In tema di omesso versamento IVA (di cui all’art.10-ter del D.Lgs n.74/2000), ove risulta che l’IVA è stata effettivamente incassata e che le relative somme non sono state accantonate ma impiegate per autofinanziamento o per altri scopi imprenditoriali, oltre ad essere provato il dolo, l’autore dell’omesso versamento si pone volontariamente nelle condizioni di non uniformarsi alla legge, con la conseguenza che non è invocabile l’esimente della forza maggiore (art.45 cod. pen.).

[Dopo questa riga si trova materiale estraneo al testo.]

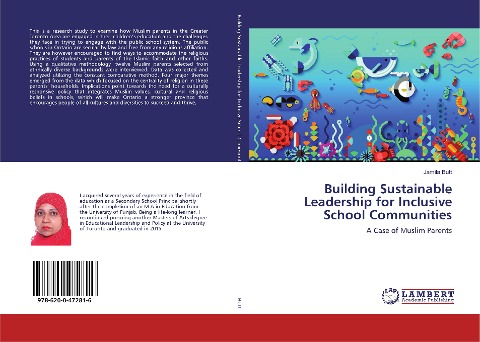 Building Sustainable Leadership for Inclusive School Communities: A Case of Muslim Parents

Nel caso in esame, l’imputato – condannato alla pena di 10 mesi di reclusione per l’omesso versamento dell’IVA – ha contestato l’affermata esistenza dolo spiegando di essersi trovato in una situazione oggettiva di crisi di liquidità.
“La Suprema Corte ha ricordato che per la configurabilità del reato, stante la struttura di reato omissivo proprio a consumazione istantanea – sottolinea Marco Cuchel, presidente dell’Associazione Nazionale Commercialisti – è sufficiente la consapevolezza di omettere il versamento dell’imposta dovuta sulla base della dichiarazione annuale”.
“Quanto alla incidenza dello stato di difficoltà, il collegio di legittimità ha ricordato che al fine della dimostrazione della assoluta impossibilità di provvedere ai pagamenti omessi, occorrono l’allegazione e la prova della non addebitabilità all’imputato della crisi economica che ha investito l’impresa e della impossibilità di fronteggiare la crisi di liquidità che ne sia conseguita tramite il ricorso a misure idonee, da valutarsi in concreto, mentre nel caso in esame – conclude Cuchel- il contribuente ha effettuato una libera scelta”.